Der Einheimischentarif im öffentlichen Regionalverkehr wurde vom Bund Ende der Fünfzigerjahre in den Randregionen eingeführt und zu 100% finanziert. Aufgrund der Aufhebung des entsprechenden Tarifannäherungsbeschlusses erfolgte eine starke Modifizierung. Seit 1999 besteht der neue Einheimischentarif in Graubünden in Form einer Ermässigung von aktuell 20% auf Mehrfahrtenkarten.

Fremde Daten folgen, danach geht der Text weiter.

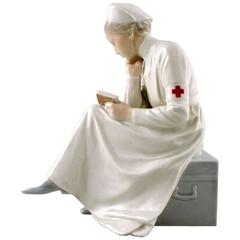 Rare Bing & Grondahl / B&G 1866 Red Cross Nurse/Samarit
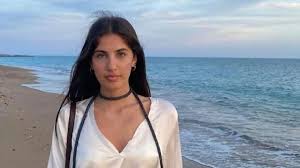 Estudante de intercâmbio italiana morre durante ligação telefônica com a tia em Portugal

Die verschiedenen regionalen Tarifverbunde (Oberengadin, Davos-Klosters, Ticino-Moesano) haben sich grundsätzlich bewährt. Im dichtbesiedelten „Transreno-Gebiet“ zwischen Landquart und Rhäzüns ermöglicht zudem eine Tarifgemeinschaft die gegenseitige Anerkennung aller Fahrausweise in Papierform zwischen RhB, Postauto und Stadtbus Chur. Die Planung des Weiterausbaus zu einem kantonalen Verbund bzw. einem Tarifverbund Nordbünden wurde vor einigen Jahren an die Hand genommen. Die Umsetzung gestaltet sich schwierig: Bei den Gemeinden und Transportunternehmungen konnte keine Akzeptanz insbesondere bezüglich der Restkosten erreicht werden. Einige tarifliche Optimierungs-Massnahmen wurden umgesetzt, wie beispielsweise die Steigerung der Attraktivität des Bündner Generalabonnements (Büga), welches freie Fahrt auf sämtlichen Transportunternehmungen inklusive ausserkantonale Anschlussstrecken umfasst und neu auch als Monats-Abonnement erhältlich ist. Die Planung einer Ausdehnung der Tarifgemeinschaft Transreno bis nach Schiers bzw. Thusis ist weit fortgeschritten. Momentan ist die Verbundlandschaft Schweiz stark im Umbruch. Projekte des Verbandes des öffentlichen Verkehrs (VöV) bezüglich „Zukünftiges Preissystem öV Schweiz“ laufen, entsprechende Entscheide sind im Jahr 2012 zu erwarten. Gestützt darauf soll geprüft werden, ob die kantonale Verbund-Strategie gegebenenfalls neu definiert bzw. angepasst werden muss. Zusätzliche Massnahmen sind somit zurzeit nicht vordringlich und nicht zielführend.
Die Regierung beantragt aus den dargelegten Gründen, den Fraktionsauftrag abzulehnen.